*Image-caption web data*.
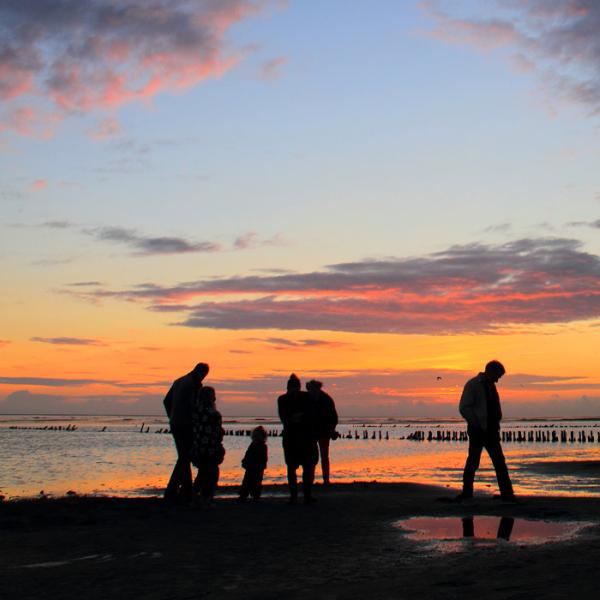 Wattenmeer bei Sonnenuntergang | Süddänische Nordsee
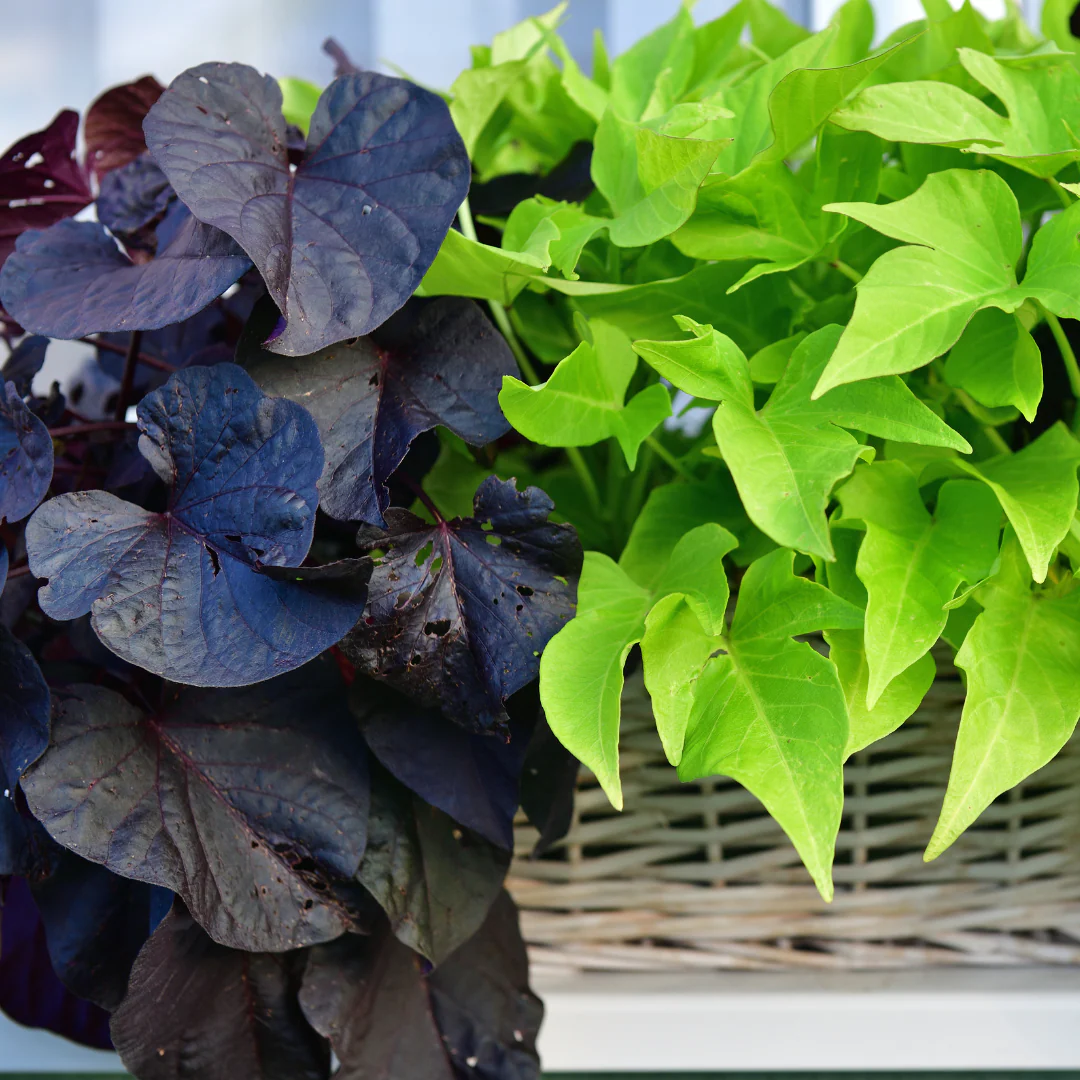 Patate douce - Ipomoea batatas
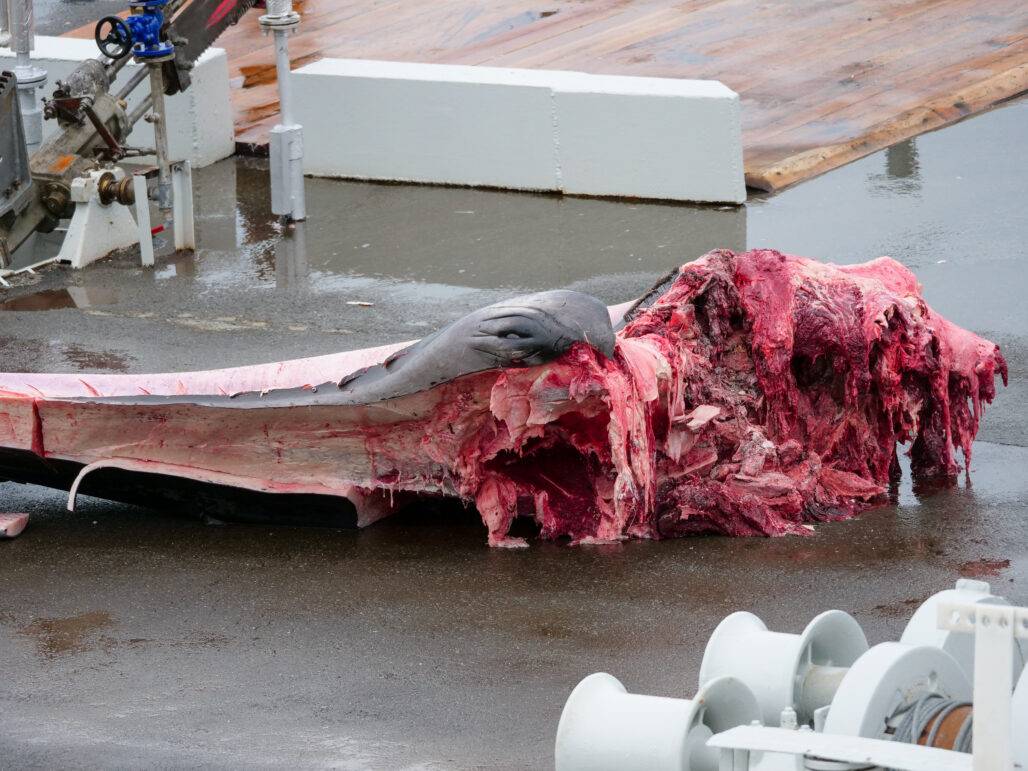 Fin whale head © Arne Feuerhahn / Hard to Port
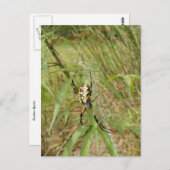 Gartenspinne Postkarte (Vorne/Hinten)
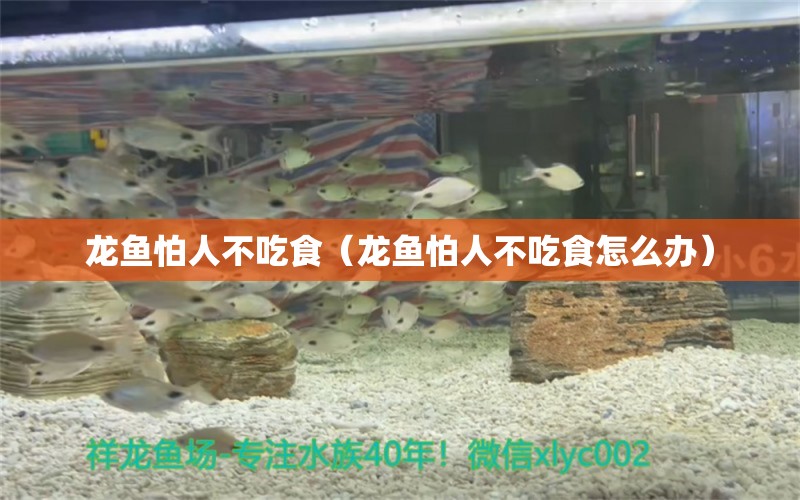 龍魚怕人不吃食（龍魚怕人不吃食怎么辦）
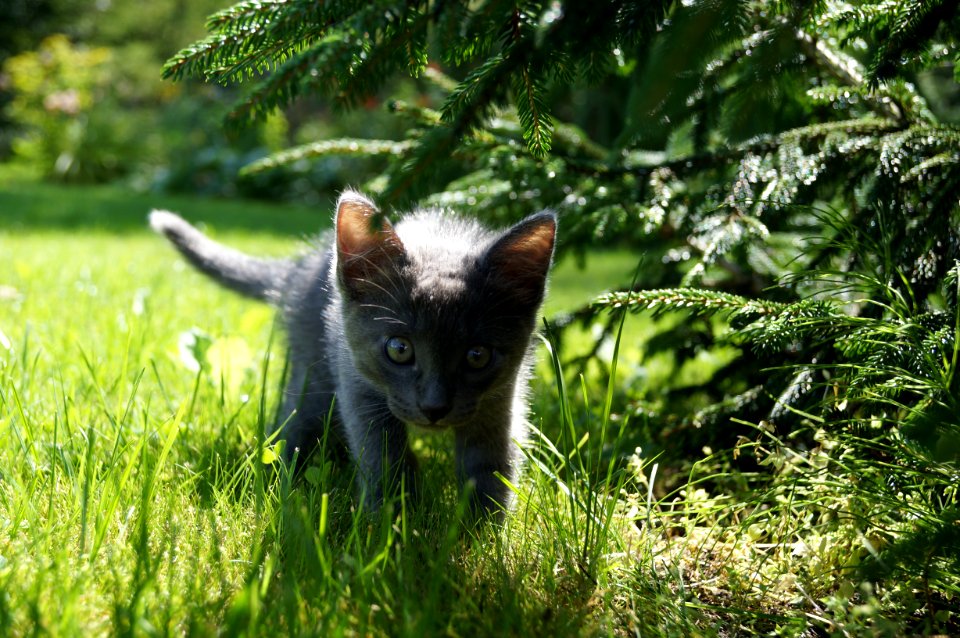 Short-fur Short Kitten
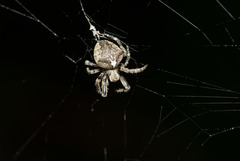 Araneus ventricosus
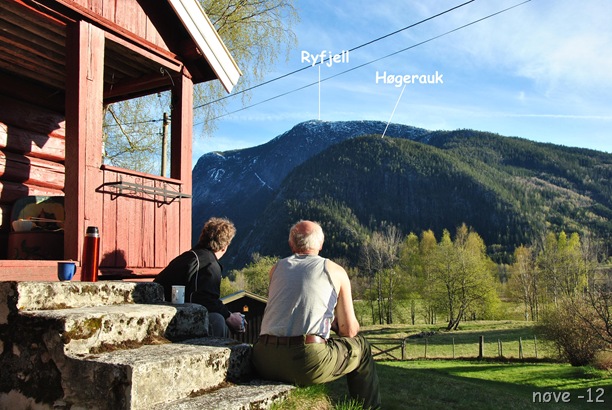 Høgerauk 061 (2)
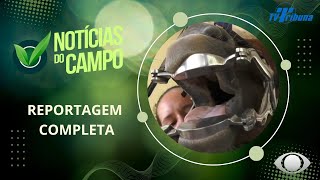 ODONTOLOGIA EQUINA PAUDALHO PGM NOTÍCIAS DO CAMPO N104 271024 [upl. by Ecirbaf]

*DESCRIPTION OF THE TASK*.
Leaving pictures aside, give again word for word each line from the one with "Short-fur Short Kitten" to the final line of the entries.

*WRITTEN SOLUTION*.
 Short-fur Short Kitten
 Araneus ventricosus
 Høgerauk 061 (2)
 ODONTOLOGIA EQUINA PAUDALHO PGM NOTÍCIAS DO CAMPO N104 271024 [upl. by Ecirbaf]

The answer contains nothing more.